SustainableUX

Menu

Talks

Designing for the Behavior of a Sustainable Future

Natalia Arsand

We live in the Planet of Plastic Sea, and we don’t usually think this to be our fault, but what if that coffee cup we disposed for recycle is actually part of a Plastic Island at this very moment?

We are consumers and we are designers. That counts as some of the greatest powers someone can have these days. This talk comes to enlighten us on our responsibility as gate keepers, with demonstrations of simple acts we can take as consumers and designers to lead the behavior for a sustainable future.

nataliarsand.com
Twitter

Transcript

Thank you for having me. I’m Natalia, I am currently living in Amsterdam working at the headquarters of booking.com, and I come from Brazil. You can find me online in any of the social media by typing in my username, nataliarsand. I’m from Brazil, and as you know Brazil is a big country, so just to localize you a little bit, this is where I’m from. It’s down there. It’s actually closer to Uruguay and Argentina than to Rio de Janeiro. No, I’m not from Rio, sorry about that.

Today I want to talk a little bit about history, we’re going to talk about consumerism, sustainability, design, and our responsibility in all of it. Not necessarily in that order. Bear with me. A lot of these topics were touched on by other speakers, so I hope this is going to complement it.

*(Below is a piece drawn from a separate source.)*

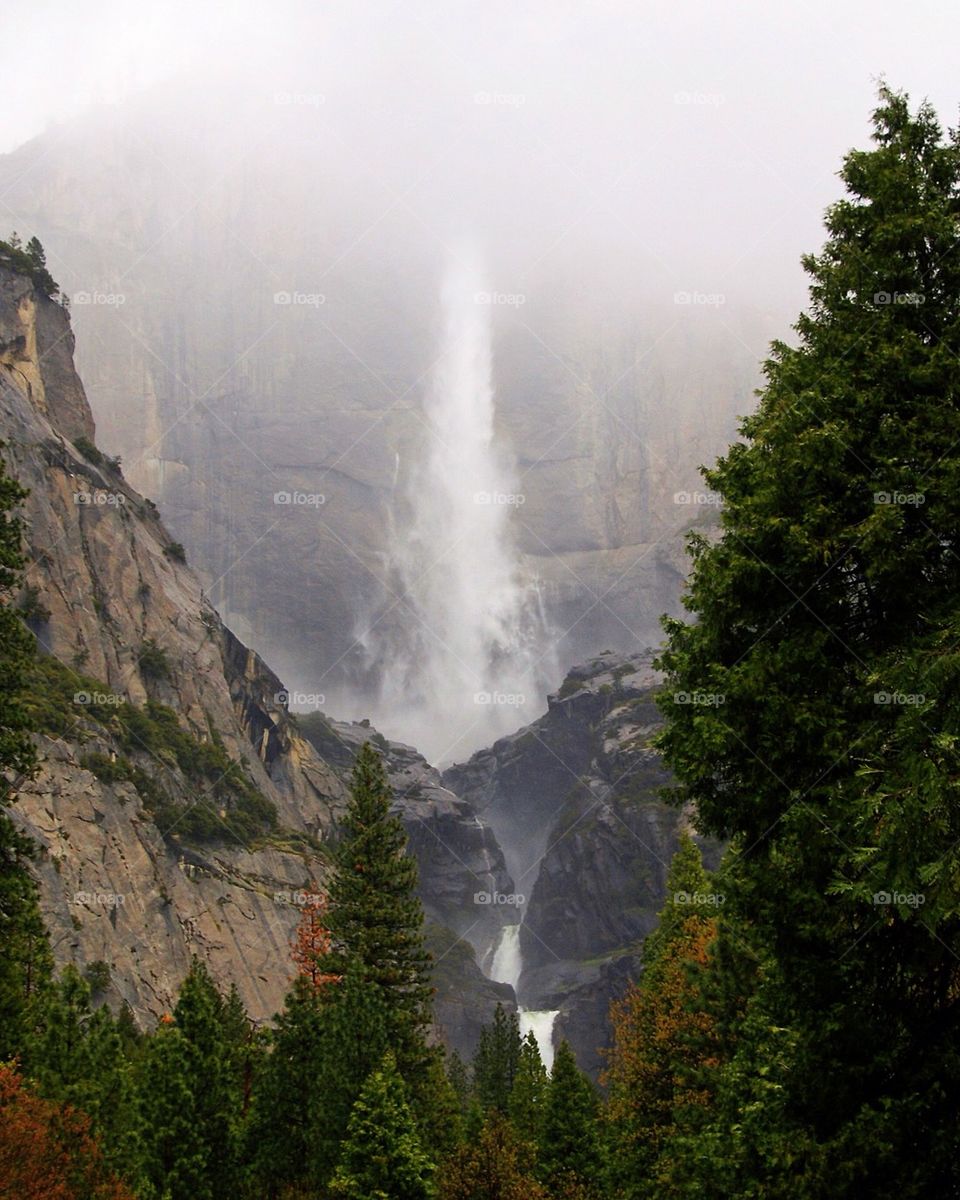 Yosemite Falls out of the clouds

To start with a little bit of history, if you never heard about the regimen sanitatis salernitanum, it used to be the most famous manual on how to stay healthy during the medieval times. It was written in the form of short poems. It was written by the medical school of Salerno in Italy. In fact, there are a lot of truths in these poems, such as this one: “Should you need physicians, these three doctors will suffice: A joyful mind, rest and a moderate diet.” I almost feel like writing it on a Post-It and gluing it to my mirror to look at it everyday. It feels like a good thing to remember. From a diet perspective, basically, the only things you need to stay healthy, according to the royal doctors at the time, is bread, cheese, and wine. I guess this is a pretty good, decent diet. The thing I found most interesting about all of this is that these statements, even though not proved true by science and modern society, they’re still commonly spread out. Most of the times we don’t even realize it. Like this one: “Cheese after your other food properly ends the meal. Those who are not ignorant of medicine will attest to these things.” When I came to Europe, I found it very strange that in the dessert menu, I’d find cheese in it. In Brazil, dessert means sweet things. Why is cheese in there? It probably comes from the medieval times when doctors said cheese was good after the meal. Or this one that is self-explanatory: “If you develop a hangover from drinking at night, drink again in the morning; it will be your best medicine.” I guess everyone has already said it to a friend or another friend.

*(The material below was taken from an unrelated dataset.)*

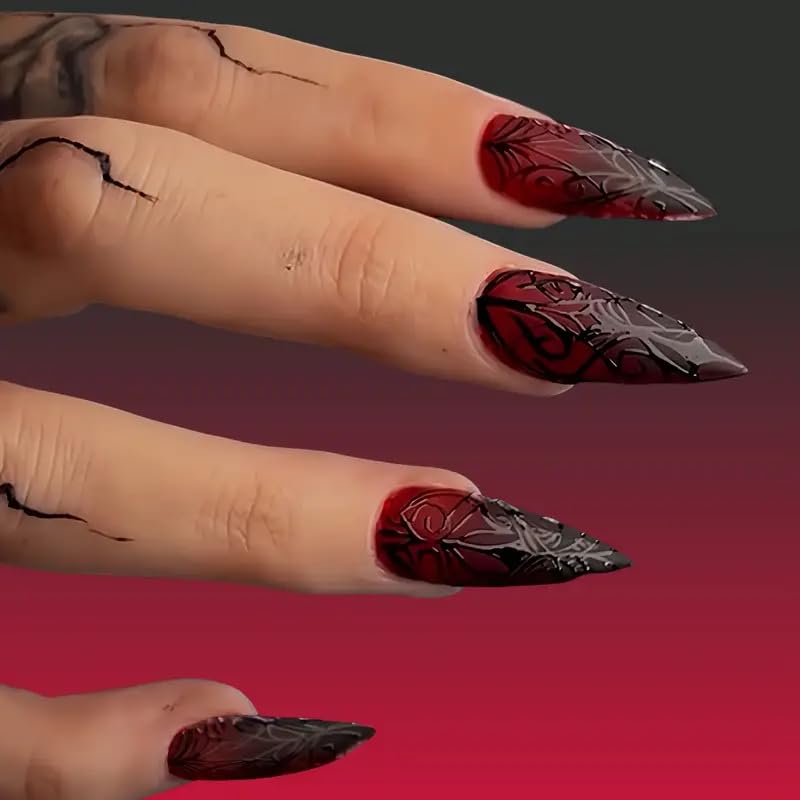 Generic Halloween nails ABS material close-up shows durable, flexible press-on construction.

The thing to realize from all of this is that we don’t usually question cultural behavior. We just follow what has been done for a long time. That is passed on to us from generation to generation. Most of the time, it actually happens on an unconscious level. We’re not aware of it. Technology also works like that. I remember when I was a kid, and in order to play with a friend, I would call their home and their mom would pick up the phone and yell at them to go get the call in a specific room in the house, you know, where the phone lived. I tried explaining that to a 10 year old the other day. Note that she’s not even a five year old. This kid had been around for 10 years already. She looked at me with these scary eyes and confused face. She was like, “What do you mean you would call your friend’s house?” I bet she was thinking more of something like Alexa, other than reality.

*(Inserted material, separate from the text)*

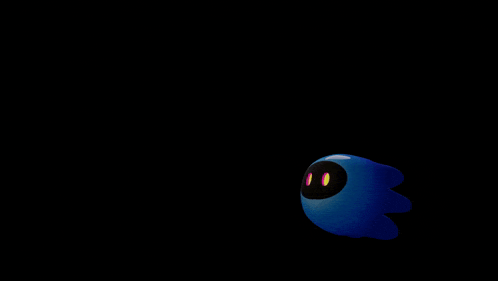 a blue robot with yellow eyes is floating in the dark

And finally, design works like that as well. Today, we have this conceptual reference of what design means. Design is the thoughtful creation of products. In my case, as a UX designer, you can always dig deeper and deeper and find layers and layers of design work in it. But, in fact, everything around us is designed. Even the things without intention to be designed. If they exist, they were designed. Nature designs based on survival of the fittest, for example. Or biology and physiology are determined by matters of evolutionary design. It’s not a coincidence that we now continue improvement of products using evolutionary design. It’s what nature already does. But I believe that we are living in a moment that requires a different type of evolution. We need to think about an evolution of behavior in order to keep surviving. Centuries have passed since the times of the regimen sanitatis and today we have a deeper understanding of microbiology, germs, bacteria, and healthcare in general. That allows us to live longer and prosper than we used to in the medieval times. But we still have so much to learn and evolve as social species. We evolved our communication, we grew global. From a First World scenario, we’ve been living in the era of abundance. We have everything we need at our fingertips. We have even more than that. We have everything we can get at our fingertips. But we always want more.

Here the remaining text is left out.